Il fallait alors se remettre en selle vers de nouveaux objectifs, en opposition complète par rapport au programme de routine du champion des dernières lignes droites. Obligation de tout reprendre de zéro, refonte du planning d’entraînement, axé autour de la reprise d’éventuelle sensations, sans oublier une très probable augmentation de l’intensité des exercices physiques, cardiaques, pour affronter le choc d’une reprise ou le droit à l’erreur ne lui était pas permis. Car pendant toute son absence, les spéculations allèrent bon train sur la probabilité d’un retour au plus haut niveau de celui qui a déjà remporté huit étapes du Tour et porté à deux reprises le maillot jaune au terme de la première étape. Il faut dire que dans le passé, certains n’ont jamais retrouvé leurs jambes de feu suite à pareilles mésaventures, et que l’impuissance vaine du coureur de Giant-Alpecin sur des étapes de plaine qui s’apparenteraient en temps normal à des simples formalités n’a rien arrangé. Enfin, pour corser un petit plus la donne, le compatriote de Kittel, André Greipel, s’est accaparé les feux des projecteurs médiatiques, en remportant étapes sur étapes au Giro et au Tour. Quant à son ami Degenkolb, c’est tout simplement Paris-Roubaix qu’il est allé chercher. La preuve de la constante évolution du paysage hiérarchique.

Un come-back à court ou à long terme ?

Une fois sorti du dangereux bourbier dans lequel il s’est enfoncé, le bolide germanique devra également trancher sur le choix de ses objectifs. Se serait-il senti prêt et capable de revenir sur la Vuelta ? Le grand départ sera donné le samedi 22 août, et les hommes rapides devraient profiter de six ou sept finishs à leurs convenances. Une manière pour Kittel de marquer son retour en haut de l’affiche, mais à priori, on ne s’oriente pas vraiment vers ce chemin-ci, du côté du staff minutieux de l’ex-Argos. Au moment d’annoncer la suite des événements après le forfait pour juillet, le manager Iwan Spekenbrink avait démenti toute participation au Tour d’Espagne, en déclarant que son poulain irait se tester sur la Vatenfall d’Hambourg, et la classique de Plouay, à la fin du mois. Visiblement, même si l’on respire à l’optimisme du côté de son clan, Kittel ne semble pas encore taillé pour disputer trois semaines de course harassantes, et les classiques et étapes plutôt longues seront privilégiées. Après son passage en Bretagne, il devrait prendre la destination de la Brussels Cycling Classic, avant de peaufiner sa préparation pour Paris-Tours, qui devrait symboliser sa (re)prise de pouvoir.

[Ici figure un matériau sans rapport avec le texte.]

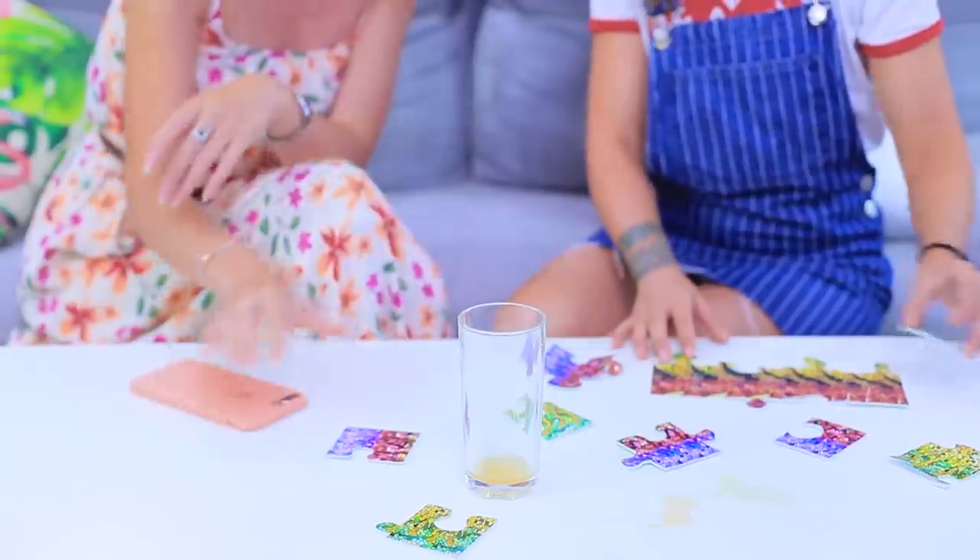I'm so clumsy — I spilled juice onto my puzzles again! That's a great idea! Let's make coasters out of puzzle pieces!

Mais d’ici le mois d’octobre, il y a encore beaucoup de travail à opérer. Bien que vainqueur de la première étape en ligne du Tour de Pologne à Varsovie, à l’arrivée d’un circuit technique et peu adapté aux vrais sprinteurs, Kittel est tout sauf impérial pour l’instant. Battu depuis par Pelucchi, outsider des sprints massifs, le coureur originaire d’Outre-Rhin fait preuve d’une frilosité, certes relative, mais compréhensible, au moment de l’emballage final. Si cela ne remet pas en question son affûtage, ces petits dysfonctionnements évoquent la patience nécessaire qu’il devra adopter pour retrouver ses fameux réflexes, faisant de lui un véritable animal à terrasser. Dernier petit complément pour finir, l’état des repères qui le lient avec son train, imbattable lorsque la dynamique crée est en sa faveur. Si certains éléments, comme Geschke, Sinkeldam, de Backer, Arndt, ont pu s’épanouir pendant que leur leader tentait de récupérer, il n’empêche qu’une bonne partie du boulot collectif est à reconstruire, ne serait-ce que pour mieux mettre en confiance Marcel Kittel, orphelin des autres maillots noirs hier, et septième à l’arrivée. Du coup, on pourrait bien se diriger vers une très longue préparation, censée amener dans les meilleures dispositions possibles le natif d’Arnstadt au départ de la prochaine Grande Boucle ! Mais pour le principal intéressé, il lui paraît évident de profiter de sa victoire en ouverture et du port du maillot de leader. Cela faisait un an qu’il n’avait plus goûté à la victoire officielle. Autant dire, une sacrée éternité.